[Scraped caption text data]
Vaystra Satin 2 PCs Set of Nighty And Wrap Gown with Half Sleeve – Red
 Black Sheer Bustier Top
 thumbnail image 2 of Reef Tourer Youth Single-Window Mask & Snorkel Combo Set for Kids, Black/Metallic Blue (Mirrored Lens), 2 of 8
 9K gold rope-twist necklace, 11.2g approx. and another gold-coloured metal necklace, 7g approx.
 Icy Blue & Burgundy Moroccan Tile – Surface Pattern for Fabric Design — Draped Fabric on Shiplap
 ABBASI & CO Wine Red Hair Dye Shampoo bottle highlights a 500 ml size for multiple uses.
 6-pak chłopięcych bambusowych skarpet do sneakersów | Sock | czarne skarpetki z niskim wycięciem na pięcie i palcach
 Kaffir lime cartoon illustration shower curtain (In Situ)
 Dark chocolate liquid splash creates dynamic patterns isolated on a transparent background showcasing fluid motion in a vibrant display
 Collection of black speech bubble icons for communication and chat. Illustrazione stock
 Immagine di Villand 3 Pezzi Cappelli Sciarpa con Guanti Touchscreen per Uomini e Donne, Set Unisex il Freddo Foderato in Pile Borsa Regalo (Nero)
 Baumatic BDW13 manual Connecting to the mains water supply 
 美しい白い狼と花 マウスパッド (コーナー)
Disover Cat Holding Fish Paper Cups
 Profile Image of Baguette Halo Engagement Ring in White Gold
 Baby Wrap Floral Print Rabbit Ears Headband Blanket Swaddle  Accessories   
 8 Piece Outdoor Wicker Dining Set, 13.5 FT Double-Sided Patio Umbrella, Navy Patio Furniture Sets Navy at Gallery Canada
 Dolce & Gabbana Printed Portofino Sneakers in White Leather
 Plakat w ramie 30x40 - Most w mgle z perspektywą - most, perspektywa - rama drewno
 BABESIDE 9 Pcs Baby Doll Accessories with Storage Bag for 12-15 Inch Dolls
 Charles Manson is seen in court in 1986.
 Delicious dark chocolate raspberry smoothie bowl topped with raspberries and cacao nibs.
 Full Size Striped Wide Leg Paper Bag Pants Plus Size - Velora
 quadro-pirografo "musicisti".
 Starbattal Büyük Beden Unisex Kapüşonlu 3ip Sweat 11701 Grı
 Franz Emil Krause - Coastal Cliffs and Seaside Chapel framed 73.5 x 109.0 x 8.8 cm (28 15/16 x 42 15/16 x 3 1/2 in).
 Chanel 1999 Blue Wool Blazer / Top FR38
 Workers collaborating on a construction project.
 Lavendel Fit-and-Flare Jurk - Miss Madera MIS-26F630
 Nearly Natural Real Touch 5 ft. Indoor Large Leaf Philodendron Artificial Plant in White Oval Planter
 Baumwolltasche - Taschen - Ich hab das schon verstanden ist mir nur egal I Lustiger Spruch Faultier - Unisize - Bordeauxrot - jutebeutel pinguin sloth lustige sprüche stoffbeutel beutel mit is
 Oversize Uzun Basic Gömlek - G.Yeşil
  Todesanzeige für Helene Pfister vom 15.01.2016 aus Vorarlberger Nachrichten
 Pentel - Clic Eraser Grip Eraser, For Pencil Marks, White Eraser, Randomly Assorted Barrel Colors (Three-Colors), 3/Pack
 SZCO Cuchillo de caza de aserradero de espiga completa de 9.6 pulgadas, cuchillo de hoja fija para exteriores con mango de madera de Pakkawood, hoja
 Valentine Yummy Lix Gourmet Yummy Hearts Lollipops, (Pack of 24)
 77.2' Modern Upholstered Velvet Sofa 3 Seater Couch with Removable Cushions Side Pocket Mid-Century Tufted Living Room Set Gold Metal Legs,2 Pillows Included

Work order |
What you should output is every line of the records above, from the first through the line containing "Icy Blue & Burgundy", unchanged.

Task solution |
Vaystra Satin 2 PCs Set of Nighty And Wrap Gown with Half Sleeve – Red
 Black Sheer Bustier Top
 thumbnail image 2 of Reef Tourer Youth Single-Window Mask & Snorkel Combo Set for Kids, Black/Metallic Blue (Mirrored Lens), 2 of 8
 9K gold rope-twist necklace, 11.2g approx. and another gold-coloured metal necklace, 7g approx.
 Icy Blue & Burgundy Moroccan Tile – Surface Pattern for Fabric Design — Draped Fabric on Shiplap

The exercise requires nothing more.